★ PS2ゲームレビュー ★

海外産本格派RPGがグラフィックを新たに
プレイステーション2に初登場!

マイト アンド マジック
デイ・オブ・ザ・デストロイヤー

  • ジャンル:ロールプレイングゲーム
  • 発売元:イマジニア
  • 価格:6,800円
  • プレイ人数:1人
  • 発売日:9月6日


 PS2で初登場の割に「第8作目」と言われてピンとこないかもしれない。「マイト&マジック」は、日本で世界三大RPGと称されることの多い海外産RPGだ。AppleIIやCommodore64、IBM PCなどで次々とシリーズ作品が展開され、98年にWindows用に発売されたマイト&マジック6がかなりの人気を博した。また、ファンタジーストラテジーのヒーローズ オブ マイト&マジックとストーリー的なリンクも果して、マイト&マジックワールドとも言える、一大叙事詩な世界を築いている有名なシリーズなのである。


■ 最大5人のパーティプレイ

謎の男によって、街中に大きな水晶の塔が出現したジャデイムの世界では、4元素の精霊の門が開かれてしまい、各地では天変地異が巻き起こる。
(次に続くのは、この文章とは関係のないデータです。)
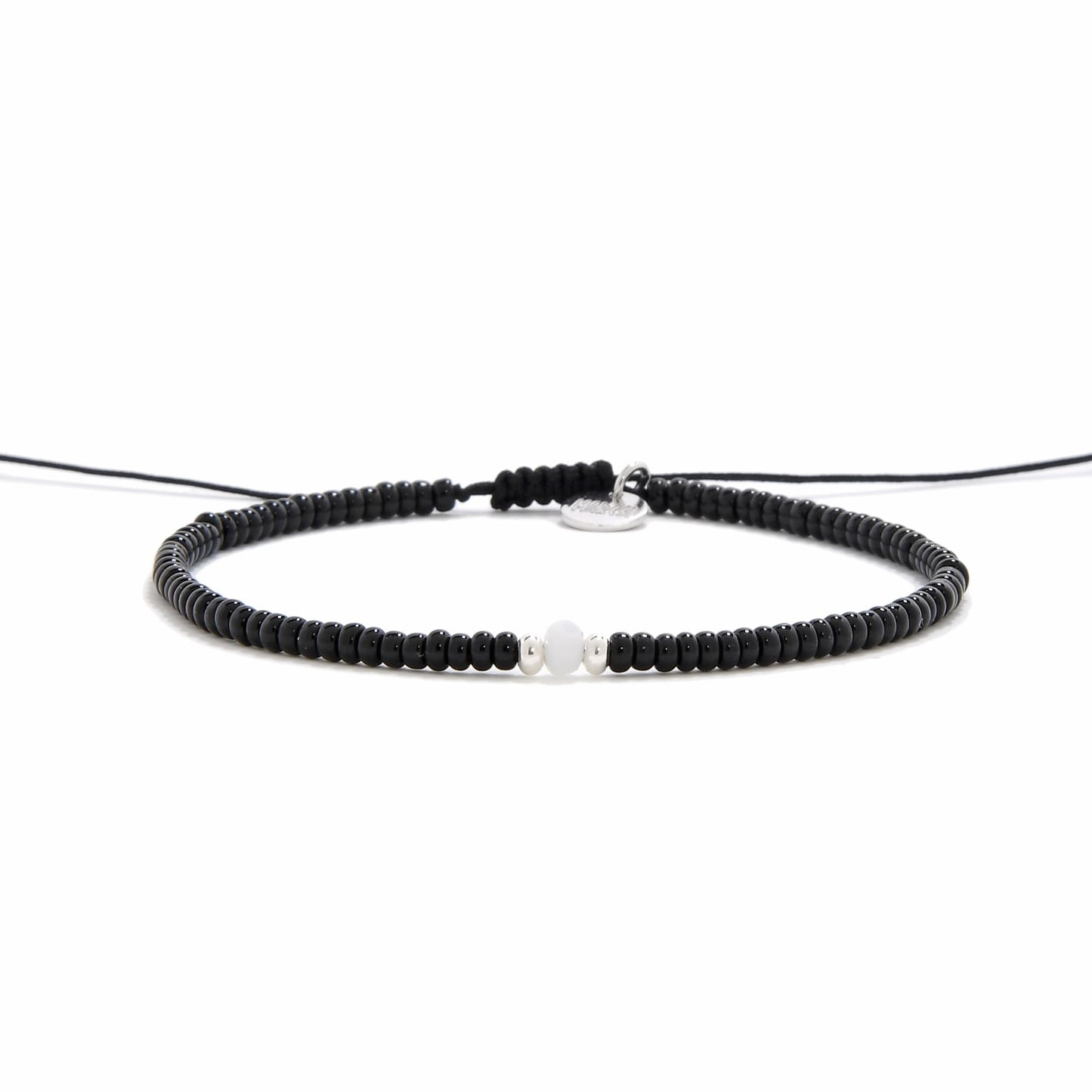 Full front view of Loreto Blanco Diamanti black bead bracelet with white and silver centerpiece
混乱に乗じて攻め込んできたレグナ海賊との戦いや各地での異変を解決すべく、プレイヤーのパーティは東西奔走する
 「マイト&マジック8」はこれまでのシリーズ作品同様に、複数人でパーティを組み、様々な冒険を経て巨悪を倒すというRPGだ。広大な3Dフィールド内で出会う冒険は驚きと意外性に満ちていて、ファンタジーの中だけでは収まりきらない、いい意味で俗っぽい世界観が魅力的。しっかりしたストーリー、冒険の自由度、キャラクターをちょっとずつ成長させる喜びや、困難なダンジョンを踏破した爽快感などが得られる、非常にプレイしがいのあるゲームである。

 ゲームが始まるとまずキャラクターを作成する。ナイトやクレリック、ダークエルフといったそれぞれに戦闘の得手不得手がある種族の中から一つを選び、能力パラメーターや名前を変更して自分だけのオリジナルキャラクタを作り上げる。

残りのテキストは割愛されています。